Tale innovazione si è, infatti, inserita in moltissimi aspetti della vita umana, sia nell’ambito sociale che personale: è entrata nell’economia, nel mondo del lavoro, nella scuola, nella formazione, nella sanità, nelle relazioni umane.

La digitalizzazione ha consentito non solo la riduzione delle distanze, la velocizzazione delle operazioni e lo scambio di informazioni e di dati ma ha anche cambiato il modo della persona di percepire lo spazio, il tempo e il limite.

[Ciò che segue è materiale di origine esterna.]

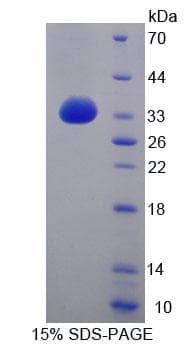 Rat ABCG8 Protein (Recombinant His-T7, N-terminus)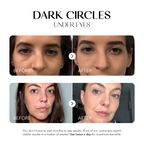 Dark Spot Corrector | 1+1 FREE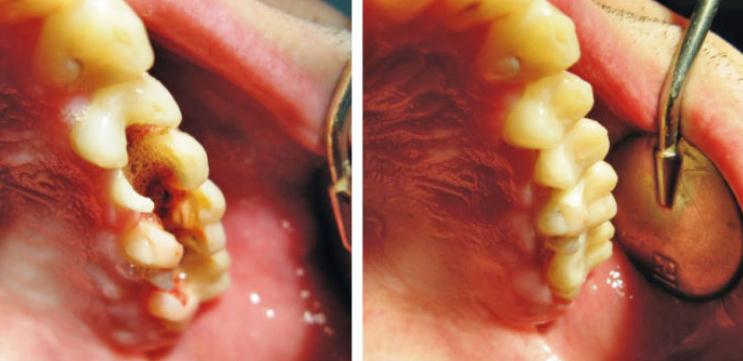 Постановка пломбы после лечения зубов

Le tantissime “tracce digitali”, lasciate in rete sono conservate e analizzate da algoritmi: azioni e intenzioni sono, così, conoscibili e prevedibili; scelte e comportamenti futuri diventano influenzabili.

L’innovazione digitale non poteva, allora, non interessare anche la Bioetica, incidendo nel suo ambito di ricerca: gli strumenti digitali consentono, infatti, di espandere le capacità di indagine della disciplina, facendo divenire anche lo spazio digitale oggetto di ricerca empirica.

La Bioetica è, così, oggi chiamata ad interrogarsi sia sui limiti e sull’eticità della trasformazione digitale nella società attuale, ma anche sui propri strumenti di ricerca e di indagine.

Un recente articolo pubblicato sulla rivista Bioethics, dal titolo “The birth of the “digital turn” in bioethics?” prova a ricostruire il tema della c.d “bioetica digitale”, esaminando i confini della disciplina, le nuove possibilità, le sfide e i pericoli nel campo di ricerca.

Gli autori ricordano come, in passato, la Bioetica ha già vissuto una “svolta” importante con la bioetica empirica: intorno agli anni 2000 si è, infatti, passati da una disciplina dominata per lo più dalla filosofia, dal diritto e dalla teologia a una crescente attenzione per i metodi empirici delle scienze sociali. La ricerca bioetica è stata, in seguito, condotta sempre più attraverso discipline empiriche, come la sociologia, l’antropologia e la psicologia.

Le motivazioni della “svolta” riportate nello studio sono state: l’esigenza di una analisi sensibile e attenta al contesto specifico delle questioni in campo, considerato come punto di partenza dell’indagine stessa, la maggior influenza della medicina basata sulle prove e l’interesse crescente per il punto di vista dei soggetti direttamente coinvolti nel campo di indagine (come pazienti, parenti, personale sanitario).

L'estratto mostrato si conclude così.